Алейда Ассман, «Длинная тень прошлого: Мемориальная культура и историческая политика»
Книга известного немецкого историка начинается с описания инсталляции художника-концептуалиста Хорста Хоайзеля: на Бранденбургские ворота была направлена видео-проекция ворот лагеря смерти Аушвиц. Триумф и травма исключают друг друга, одно вытесняет, уничтожает другое, подвергает забвению — и все же триумф и травма неразрывно связаны в национальной памяти немцев: триумфальный символ объединения страны в центре Берлина и Аушвиц как травматическая низшая точка национального падения. На этом разрыве последние полвека базировалась национальная идентичность. В книге предпринята впечатляющая попытка обобщения теоретических дебатов о том, как складываются социальные представления о прошлом, что стоит за человеческой способностью помнить и предавать забвению, благодаря чему индивидуальное воспоминание есть не только непосредственное свидетельство о прошлом, но и симптом, отражающий культурный контекст самого вспоминающего. Материалом, который позволяет прочертить постоянно меняющиеся траектории этих теоретических дебатов, является трагическая европейская история XX века.

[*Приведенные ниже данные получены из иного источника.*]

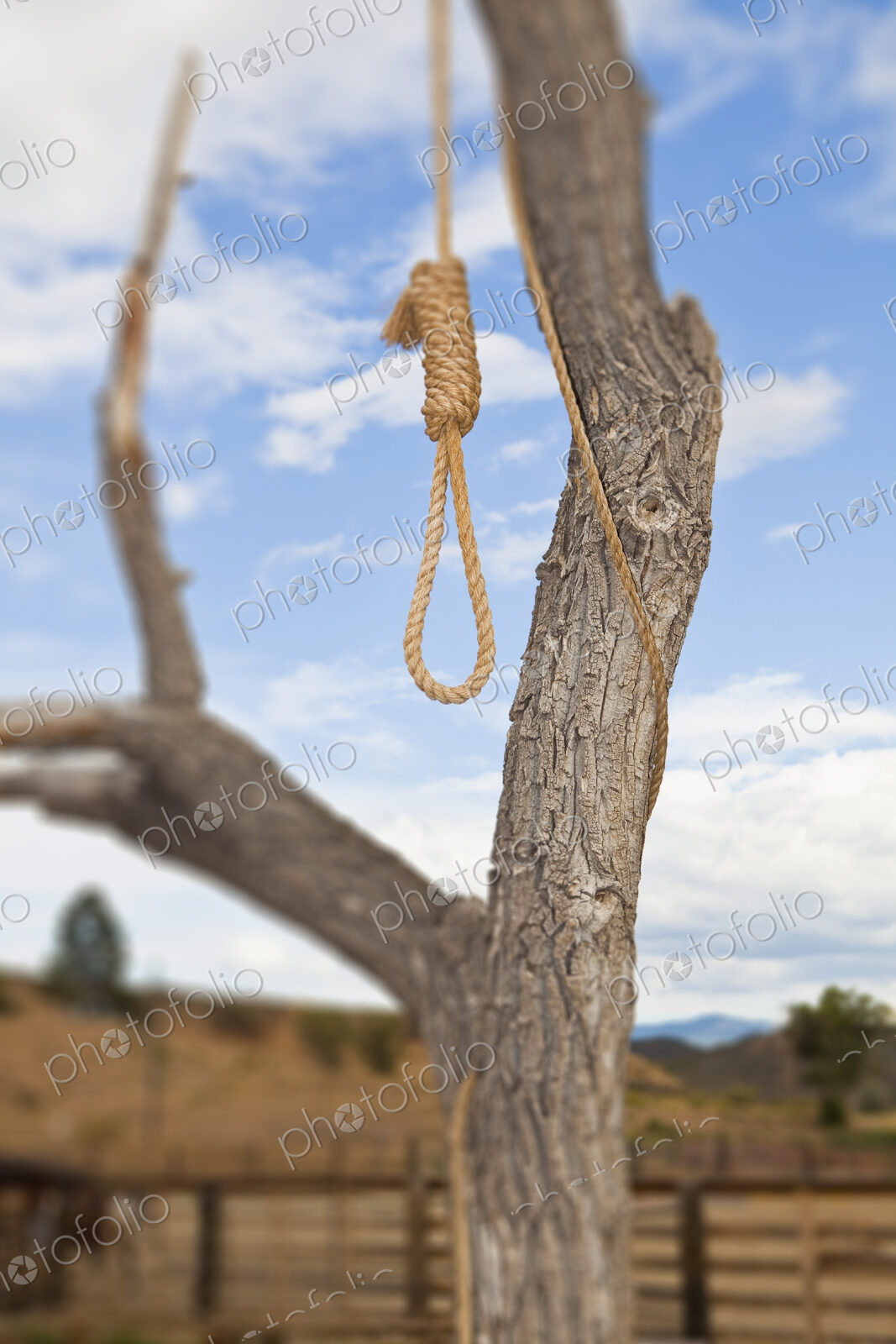 Hangman Noose in a Tree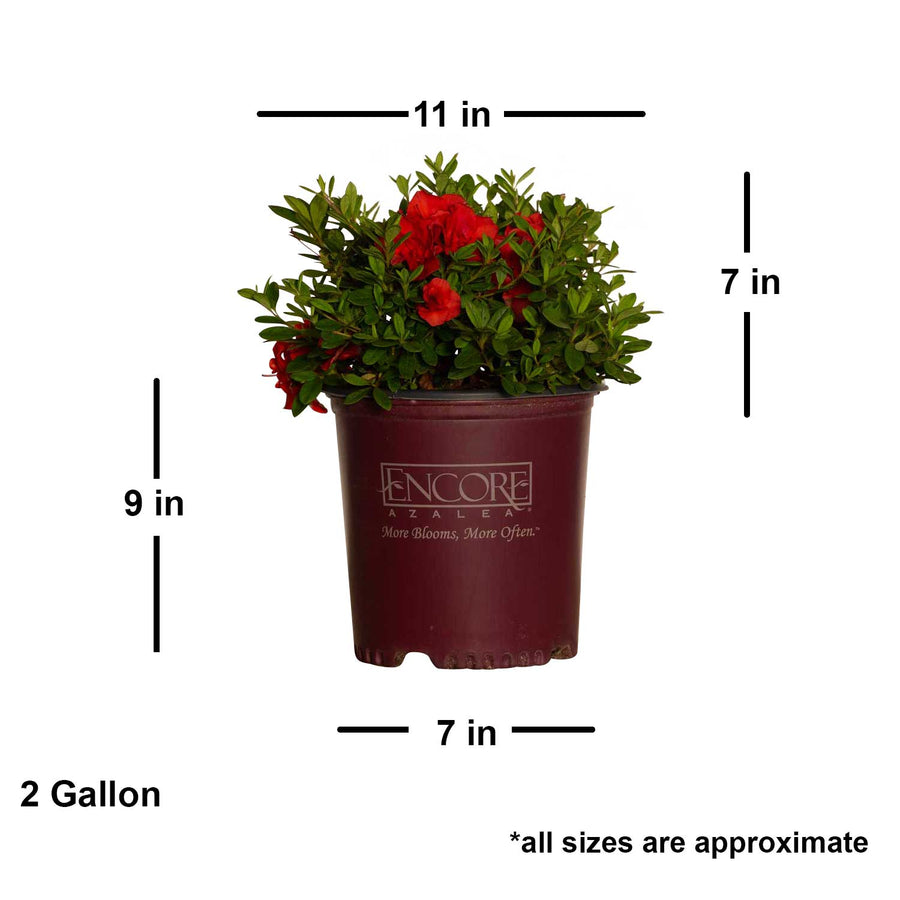 Encore Azalea Autumn Embers® - Reblooming Red Flowers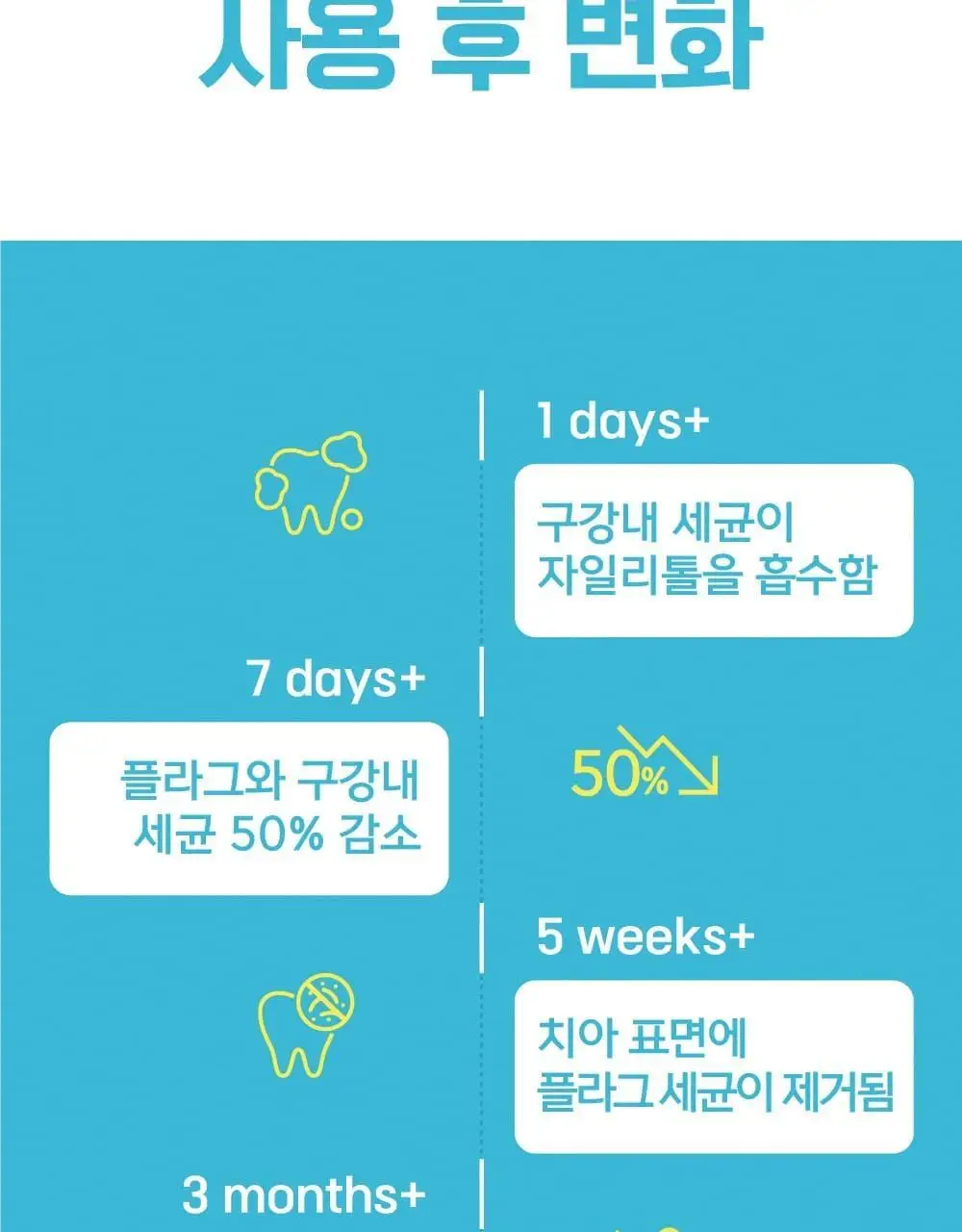 퍼지브러쉬 씹는 칫솔(5개입) 상세페이지 13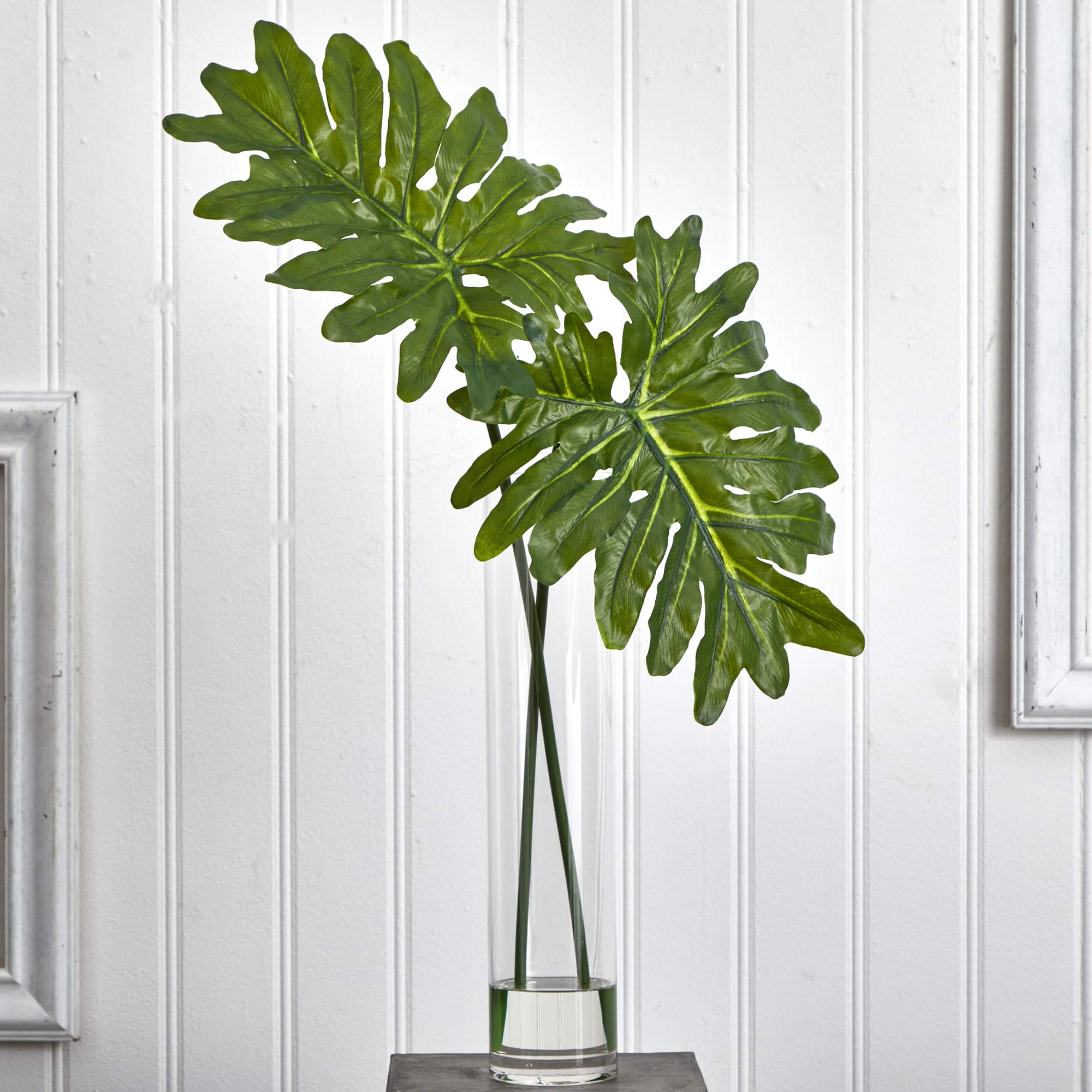 2.5ft. Philodendron Leaves in Cylinder Glass Vase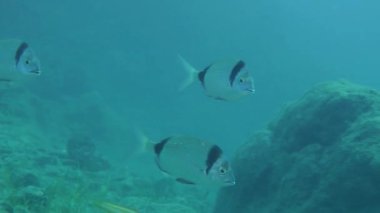 Deniz balıkları ortak iki bantlı çipura (Diplodus vulgaris) yavaş yavaş yüzüyor, sonra çerçeve bırakır.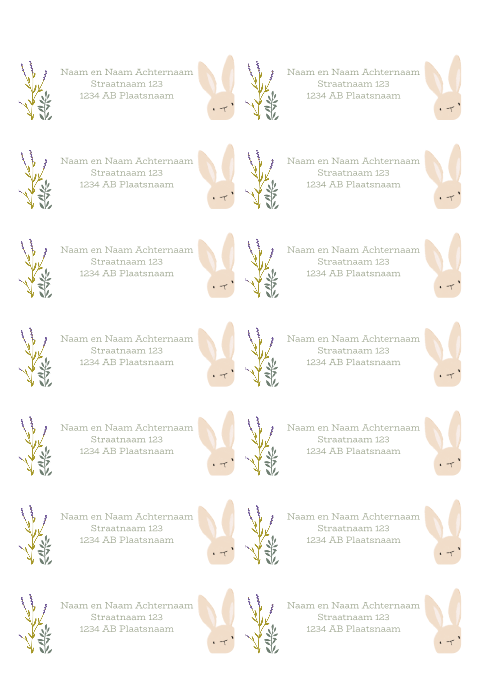 Adresetiket met bloemen, blaadjes, takjes en een knuffel konijntje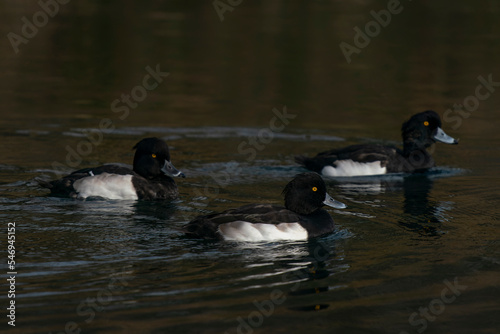 Three beautiful male Tufted Ducks (Anatidae). Noord-Holland in the Netherlands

«Наследие империи и будущее России», под ред. А.И. Миллера
Надо ли быть империей, чтобы являться великой державой? Большевики избегали клейма империи, но большим злом они считали национализм. В 1991 году произошел окончательный развал империи или возможен имперский реванш? Один из авторов книги пишет: «Нет единства в том, следует ли считать современные границы России приемлемой данностью. Многие заявляют, что нужно стремиться к их расширению, будь то под флагом „восстановления СССР“, или создания так или иначе проектируемой новой империи, или под флагом русского ирредентизма, то есть стремления присоединить к России территории с большой численностью русского населения, например Крым или северную часть Казахстана». Обсуждая эту проблему, авторы подчеркивают, что соседей России охватил страх утраты суверенитета, а русские должны осознать, что сами часто становились жертвами имперской политики, державы, построенной с использованием их сил, терпения и таланта. В любом случае опыт империй не до конца осмыслен и не пересмотрен критически. В обществе дебатируется вопрос: должна ли Россия строиться как империя или нужно строить национальное государство.